» **Directions**
Hunt for the word "Bracelet" across the entries below, copying each line that holds it.

» **Recorded data**
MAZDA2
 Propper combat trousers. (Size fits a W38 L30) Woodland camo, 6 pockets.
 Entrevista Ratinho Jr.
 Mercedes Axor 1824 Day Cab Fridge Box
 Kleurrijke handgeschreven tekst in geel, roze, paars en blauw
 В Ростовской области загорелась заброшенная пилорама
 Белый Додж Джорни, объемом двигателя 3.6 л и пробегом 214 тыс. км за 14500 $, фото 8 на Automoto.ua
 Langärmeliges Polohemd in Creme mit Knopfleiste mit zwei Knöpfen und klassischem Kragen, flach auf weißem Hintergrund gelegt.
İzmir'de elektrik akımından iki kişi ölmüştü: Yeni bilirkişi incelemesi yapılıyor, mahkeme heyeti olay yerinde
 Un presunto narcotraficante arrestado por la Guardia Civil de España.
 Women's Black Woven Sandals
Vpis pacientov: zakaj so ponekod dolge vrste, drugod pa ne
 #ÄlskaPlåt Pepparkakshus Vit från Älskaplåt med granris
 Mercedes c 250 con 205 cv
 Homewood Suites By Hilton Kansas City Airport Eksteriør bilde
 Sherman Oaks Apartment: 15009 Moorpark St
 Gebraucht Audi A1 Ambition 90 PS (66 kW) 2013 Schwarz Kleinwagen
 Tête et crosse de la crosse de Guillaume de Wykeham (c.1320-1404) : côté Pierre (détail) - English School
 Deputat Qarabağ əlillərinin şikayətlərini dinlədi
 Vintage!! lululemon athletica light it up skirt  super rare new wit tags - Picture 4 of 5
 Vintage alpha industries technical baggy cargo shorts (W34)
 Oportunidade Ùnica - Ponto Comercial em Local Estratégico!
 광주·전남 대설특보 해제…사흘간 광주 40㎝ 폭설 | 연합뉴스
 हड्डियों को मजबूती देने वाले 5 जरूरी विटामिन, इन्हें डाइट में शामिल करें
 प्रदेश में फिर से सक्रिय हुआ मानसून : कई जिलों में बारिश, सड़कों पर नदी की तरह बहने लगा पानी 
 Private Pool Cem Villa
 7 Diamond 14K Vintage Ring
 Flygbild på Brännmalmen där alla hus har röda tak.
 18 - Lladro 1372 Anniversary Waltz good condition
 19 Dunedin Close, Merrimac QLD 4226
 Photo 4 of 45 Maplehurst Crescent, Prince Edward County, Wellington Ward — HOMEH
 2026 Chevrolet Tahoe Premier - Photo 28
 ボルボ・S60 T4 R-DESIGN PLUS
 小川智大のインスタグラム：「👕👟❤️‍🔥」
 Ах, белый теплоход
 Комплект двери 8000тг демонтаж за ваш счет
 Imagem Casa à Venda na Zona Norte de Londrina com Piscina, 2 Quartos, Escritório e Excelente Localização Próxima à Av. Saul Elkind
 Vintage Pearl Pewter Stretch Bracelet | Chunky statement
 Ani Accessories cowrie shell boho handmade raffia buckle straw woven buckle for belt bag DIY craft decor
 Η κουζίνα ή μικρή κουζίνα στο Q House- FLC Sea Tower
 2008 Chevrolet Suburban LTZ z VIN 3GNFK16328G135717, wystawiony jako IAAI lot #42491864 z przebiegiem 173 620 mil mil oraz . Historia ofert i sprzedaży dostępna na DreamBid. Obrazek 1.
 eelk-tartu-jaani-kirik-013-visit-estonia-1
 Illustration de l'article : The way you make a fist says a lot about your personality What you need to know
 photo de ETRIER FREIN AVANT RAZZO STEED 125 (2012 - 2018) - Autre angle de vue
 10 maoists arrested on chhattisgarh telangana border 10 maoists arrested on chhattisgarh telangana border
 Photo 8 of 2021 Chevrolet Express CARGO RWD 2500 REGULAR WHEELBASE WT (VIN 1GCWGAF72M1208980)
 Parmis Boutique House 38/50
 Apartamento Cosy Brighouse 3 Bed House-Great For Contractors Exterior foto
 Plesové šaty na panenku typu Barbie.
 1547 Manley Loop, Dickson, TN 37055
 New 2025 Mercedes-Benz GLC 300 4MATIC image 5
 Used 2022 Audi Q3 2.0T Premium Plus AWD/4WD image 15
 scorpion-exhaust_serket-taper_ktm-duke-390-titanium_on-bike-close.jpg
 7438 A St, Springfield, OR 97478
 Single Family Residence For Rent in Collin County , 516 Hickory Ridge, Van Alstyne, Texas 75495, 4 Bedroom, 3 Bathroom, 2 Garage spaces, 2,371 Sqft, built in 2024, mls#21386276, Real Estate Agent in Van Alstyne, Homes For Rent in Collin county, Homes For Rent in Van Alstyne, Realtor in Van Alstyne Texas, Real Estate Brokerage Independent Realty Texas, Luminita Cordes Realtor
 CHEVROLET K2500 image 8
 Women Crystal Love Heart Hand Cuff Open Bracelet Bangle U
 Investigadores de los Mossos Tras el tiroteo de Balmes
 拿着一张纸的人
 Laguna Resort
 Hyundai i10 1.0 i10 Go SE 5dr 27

» **Response area**
 Vintage Pearl Pewter Stretch Bracelet | Chunky statement
 Women Crystal Love Heart Hand Cuff Open Bracelet Bangle U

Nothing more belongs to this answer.